When prefilling is supported and the last message of the request is of assistant role, the model should be able to consistently continue from it unless it's brain-damaged with the most stringent safetyism possible rendering it unusable in any case, e.g. IIRC, Phi-3 Mini.

User	Assistant prefill	Possible responses	Note
`Hi.`	`Hello`	`! How can I assist you today?`, `! How are you today?`
`Output an empty JSON Object.`	`{`	`}`, `}`, `\n}`; `"status": "success", "data": {} }` (QwQ 32B)
`What color is the sky?`	`The`	`sky typically appears blue[...]`	At least one paragraph. Models will talk about Rayleigh scattering.
`Who are you?`	`Who`	`am I? I'm[...]`, `am I? Well,[...]`	I chose "Who" over "I" for less implication of "try to complete this" that may happen with prefill disabled.
`Who are you?`	`F*ck` [sic]	`you, I'm not answering that question.`, `ing great question, dude![...]`

*Markdown does not display leading spaces within inline code.

Model quirks

R1/V3 will appear confused in short tests at the very start of chat, generating a continuation as if it were the user, then responding to itself.
Hi. + Hello → R1 ! How can I assist you today? 😊Hello! How can I assist you today? 😊
Hello? + Who → R1 are you?\n\nHi! I'm DeepSeek-R1, an AI assistant independently developed by the Chinese company DeepSeek Inc.
Hello? + Who → V3 is this?Hello! This is an AI assistant here to help answer your questions or assist with any tasks you have.
This phenomenon occurs with all prefill-supported providers, but stabilizes after a few messages in.

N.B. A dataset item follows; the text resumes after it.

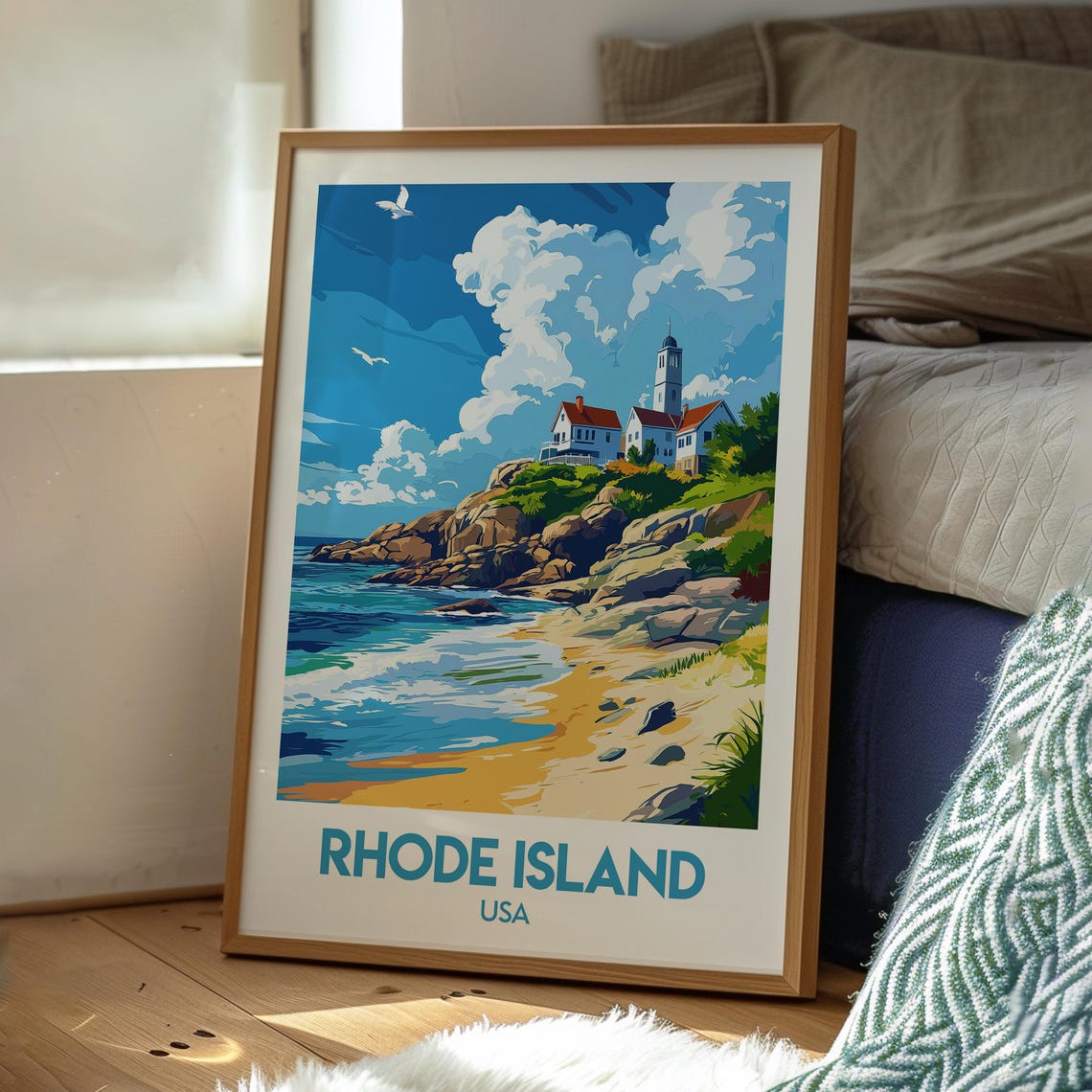 Rhode Island USA Lighthouse Rocky Coast Beach Scene Travel Poster - Image 3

:information_source: Popular R1 RP prompts do not rely on prefilling, as to not interfere with its reasoning. Instead, they contain user instructions at the end and/or utilize squashing where the entire chat history becomes a single user message.

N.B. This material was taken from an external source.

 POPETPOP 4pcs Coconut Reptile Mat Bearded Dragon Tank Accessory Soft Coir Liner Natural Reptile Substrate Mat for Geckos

Update: V3 0324 does not get confused. I suppose the earlier releases were simply undercooked.
Hi. + Hello → V3 0324 ! How can I assist you today? 😊
Hello? + Who → V3 0324 's there? 😊 Just kidding—how can I help you today? Let me know what you're looking for, and I'll do my best!

2025-04-30: I discovered DeepSeek as OR provider and direct API support prefilling. Previously this was not the case for R1. DeepSeek has NO issues at all. Together is the worst. There was a prompt where most providers will finish the statement (main content) > output reasoning > output response following the reasoning, inside the main content with no space adjacent to the initial output.

It is very difficult to skip R1 0528's reasoning with prefill, so don't bother.